DATA FOR THE TASK →
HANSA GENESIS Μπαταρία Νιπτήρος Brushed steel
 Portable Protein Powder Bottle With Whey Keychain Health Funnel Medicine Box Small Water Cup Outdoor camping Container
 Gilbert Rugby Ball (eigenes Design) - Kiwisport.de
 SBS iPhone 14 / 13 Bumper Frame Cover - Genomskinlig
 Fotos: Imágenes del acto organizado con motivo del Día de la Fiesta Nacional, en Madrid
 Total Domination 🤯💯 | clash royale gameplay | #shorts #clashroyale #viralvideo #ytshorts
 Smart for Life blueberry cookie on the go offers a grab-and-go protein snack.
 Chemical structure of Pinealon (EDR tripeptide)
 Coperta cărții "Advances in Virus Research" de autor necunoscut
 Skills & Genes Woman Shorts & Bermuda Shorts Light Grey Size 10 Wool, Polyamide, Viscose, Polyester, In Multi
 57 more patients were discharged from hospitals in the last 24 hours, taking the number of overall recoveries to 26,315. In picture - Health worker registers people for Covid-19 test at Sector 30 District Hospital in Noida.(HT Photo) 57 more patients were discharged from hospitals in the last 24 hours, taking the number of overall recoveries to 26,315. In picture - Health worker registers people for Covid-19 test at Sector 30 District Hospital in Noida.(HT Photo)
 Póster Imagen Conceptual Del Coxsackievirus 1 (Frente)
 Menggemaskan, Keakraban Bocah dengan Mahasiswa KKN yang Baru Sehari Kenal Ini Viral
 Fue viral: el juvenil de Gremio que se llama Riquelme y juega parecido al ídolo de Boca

WHAT YOU SHOULD DO → Produce an exact repeat of the lines from the one containing "Chemical structure of" through the last line of the data, and nothing more.

SOLUTION →
 Chemical structure of Pinealon (EDR tripeptide)
 Coperta cărții "Advances in Virus Research" de autor necunoscut
 Skills & Genes Woman Shorts & Bermuda Shorts Light Grey Size 10 Wool, Polyamide, Viscose, Polyester, In Multi
 57 more patients were discharged from hospitals in the last 24 hours, taking the number of overall recoveries to 26,315. In picture - Health worker registers people for Covid-19 test at Sector 30 District Hospital in Noida.(HT Photo) 57 more patients were discharged from hospitals in the last 24 hours, taking the number of overall recoveries to 26,315. In picture - Health worker registers people for Covid-19 test at Sector 30 District Hospital in Noida.(HT Photo)
 Póster Imagen Conceptual Del Coxsackievirus 1 (Frente)
 Menggemaskan, Keakraban Bocah dengan Mahasiswa KKN yang Baru Sehari Kenal Ini Viral
 Fue viral: el juvenil de Gremio que se llama Riquelme y juega parecido al ídolo de Boca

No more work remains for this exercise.